* **Information provided**
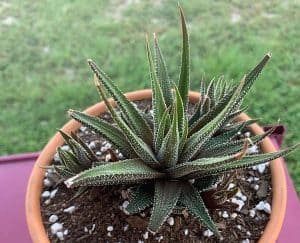 Haworthia concolor succulent 3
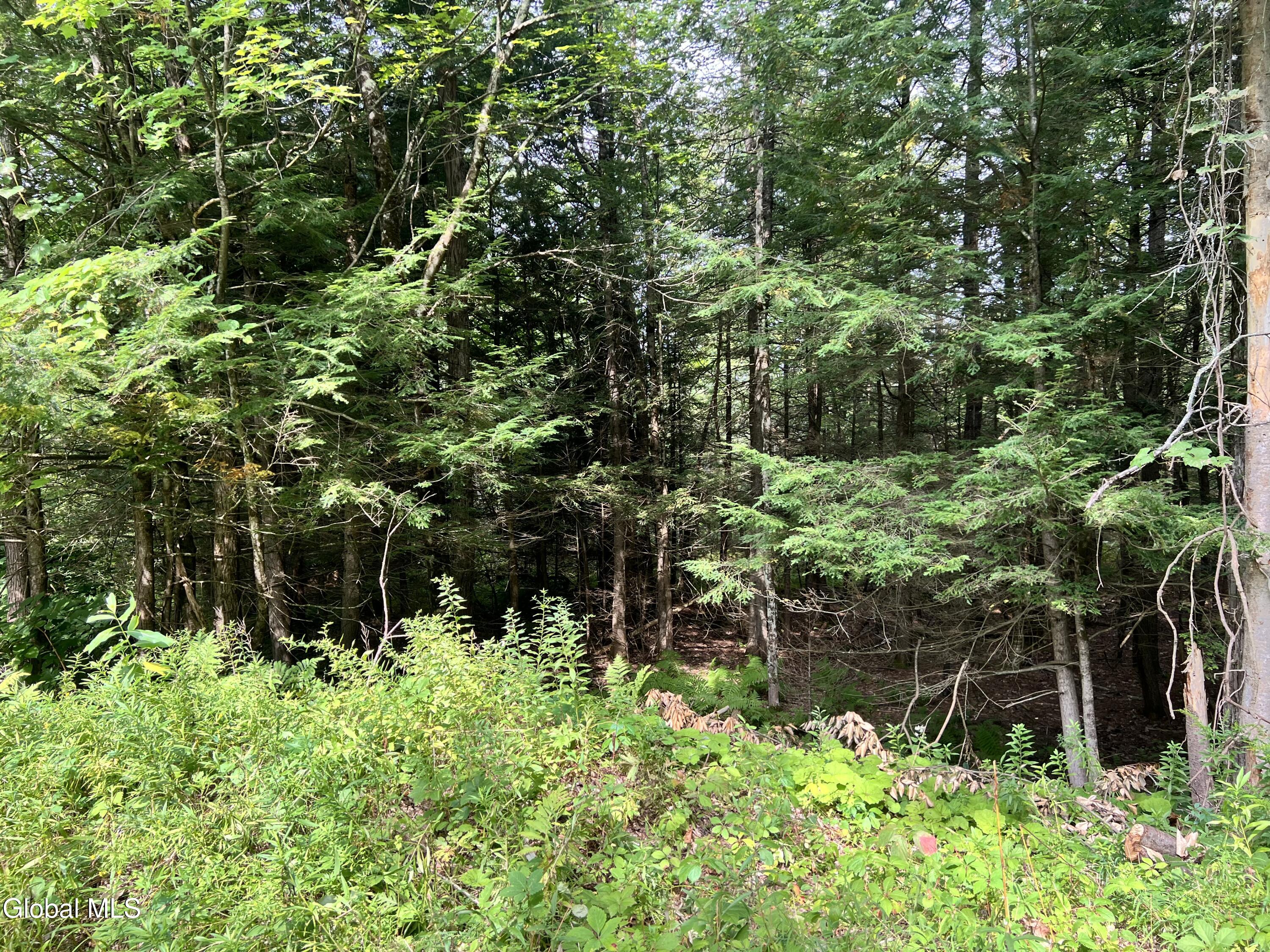 03 Faber Road Galway NY 12025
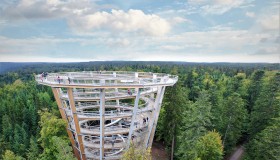 The Black Forest Treetop Walk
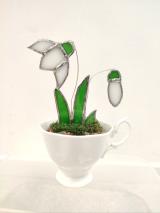 Teacup Snowdrops 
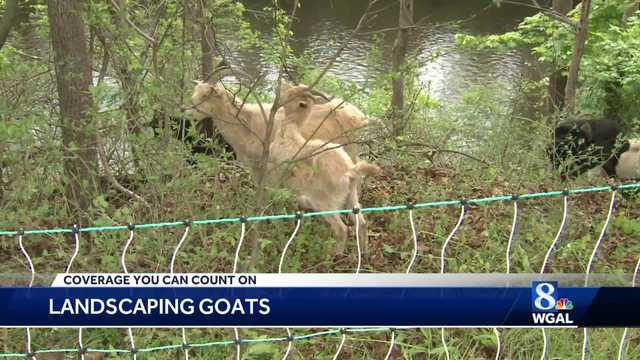 A group of goats being used to clear Chambersburg Rail Trail - Vimarsana News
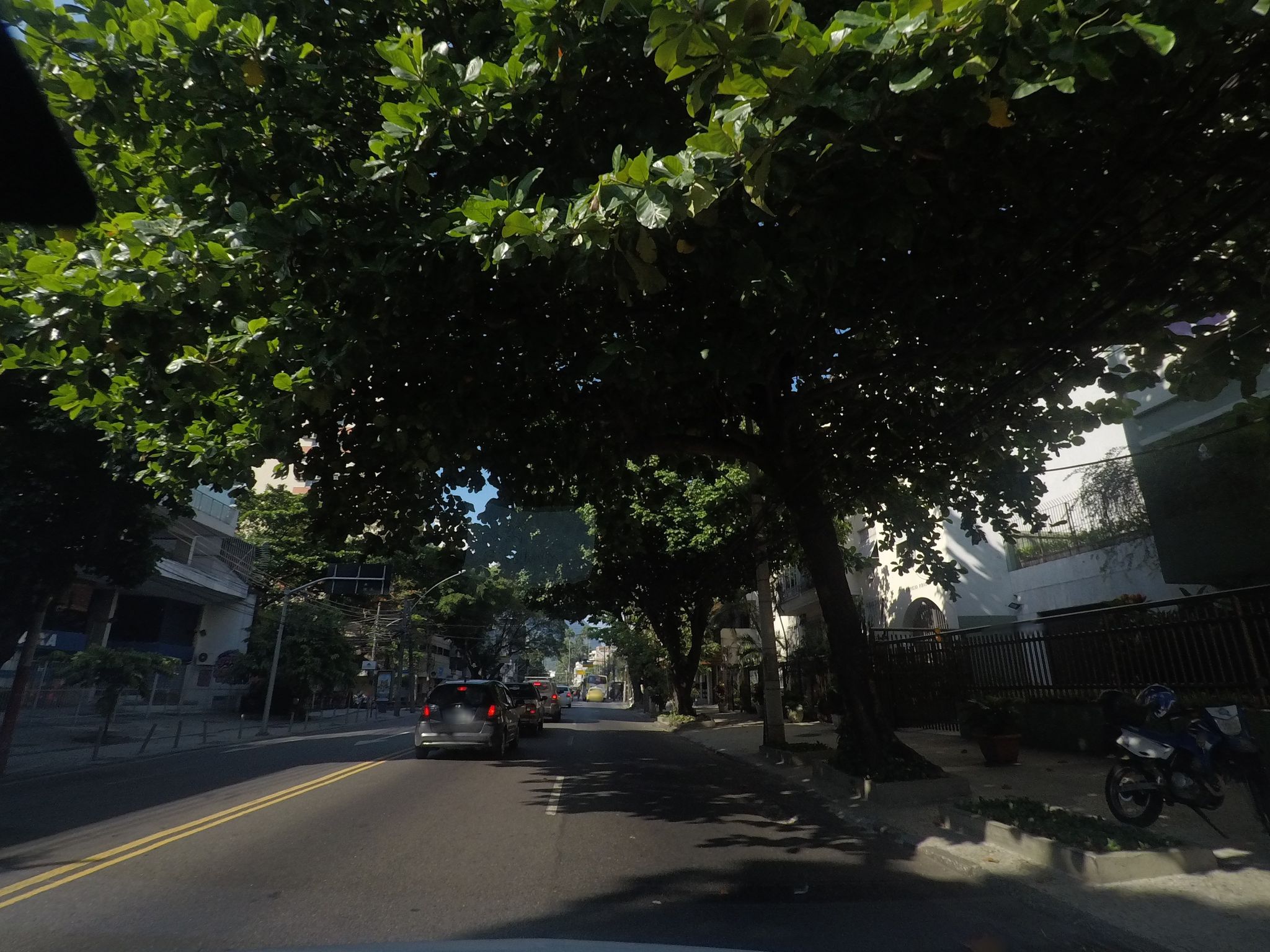 Street-level view near Jardim Botânico Offices, Jardim Botânico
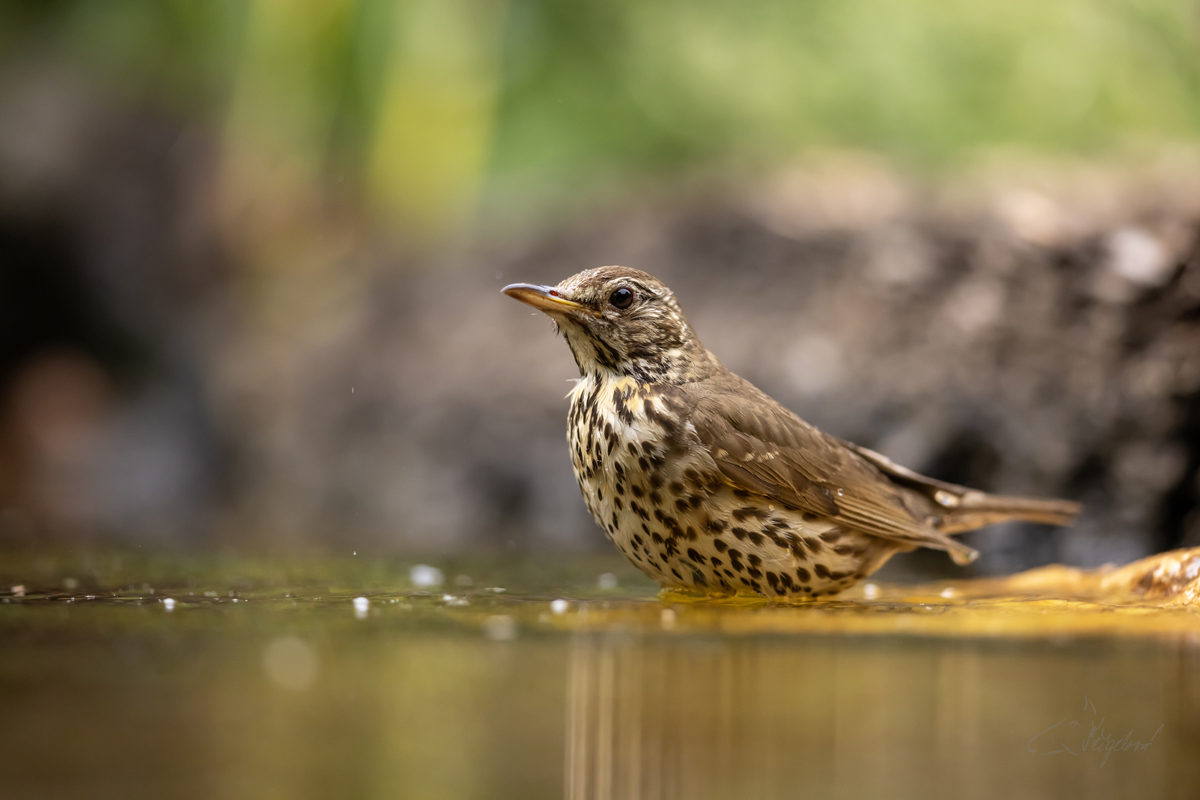 Drozd zpěvný (Turdus philomelos) - Song thrush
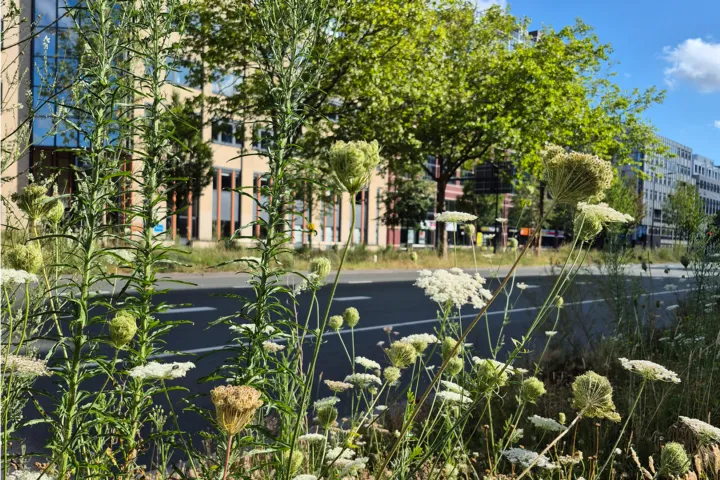 Stadsnatuur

* **Work order**
All the records need to be repeated exactly, with the images dropped.

* **Answer to the exercise**
 Haworthia concolor succulent 3
 03 Faber Road Galway NY 12025
 The Black Forest Treetop Walk
 Teacup Snowdrops 
 A group of goats being used to clear Chambersburg Rail Trail - Vimarsana News
 Street-level view near Jardim Botânico Offices, Jardim Botânico
 Drozd zpěvný (Turdus philomelos) - Song thrush
 Stadsnatuur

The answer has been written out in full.